[Raw data — start]
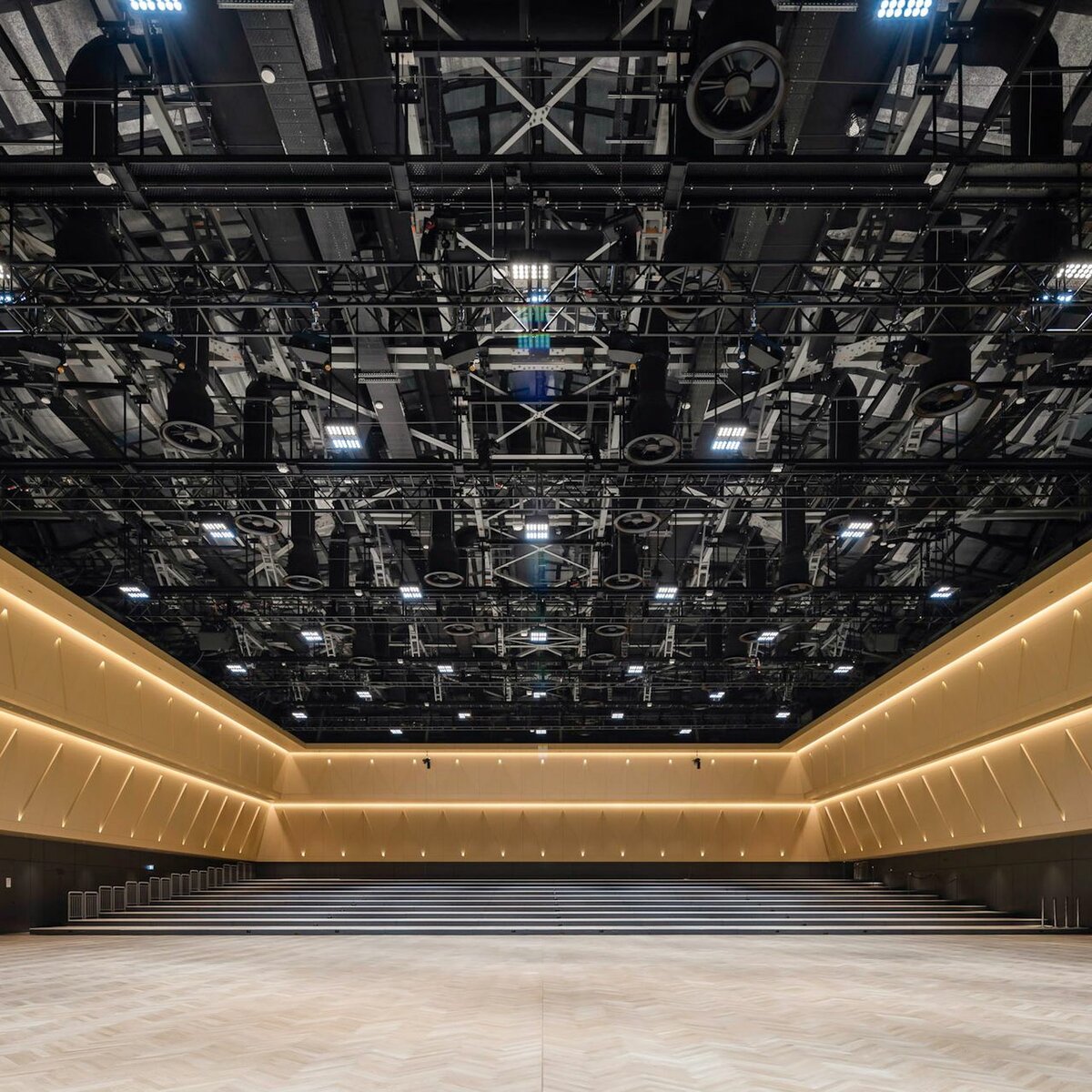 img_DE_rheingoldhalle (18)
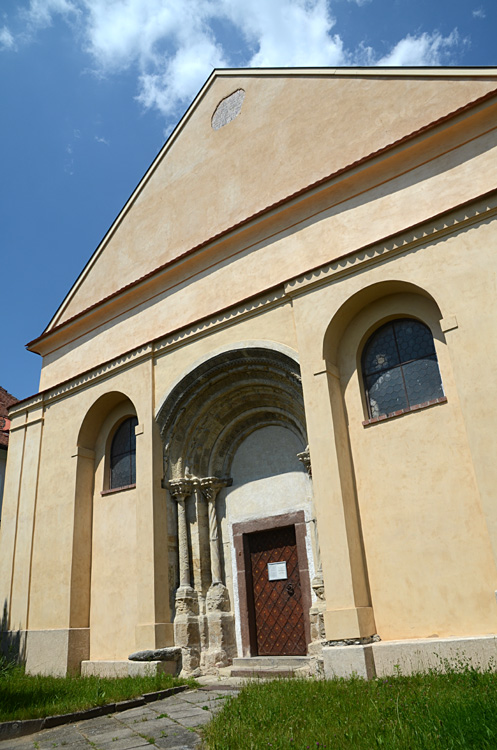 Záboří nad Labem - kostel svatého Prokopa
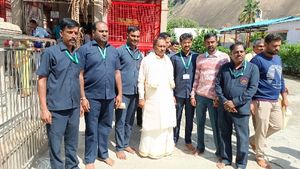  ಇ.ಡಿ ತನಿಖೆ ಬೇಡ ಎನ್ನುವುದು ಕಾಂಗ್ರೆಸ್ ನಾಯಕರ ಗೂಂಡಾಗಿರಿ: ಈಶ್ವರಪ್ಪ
[Raw data — finish]
Exercise requirements –
Quote the material in full and exactly; do not carry over its pictures.

Reply to the task –
 img_DE_rheingoldhalle (18)
 Záboří nad Labem - kostel svatého Prokopa
  ಇ.ಡಿ ತನಿಖೆ ಬೇಡ ಎನ್ನುವುದು ಕಾಂಗ್ರೆಸ್ ನಾಯಕರ ಗೂಂಡಾಗಿರಿ: ಈಶ್ವರಪ್ಪ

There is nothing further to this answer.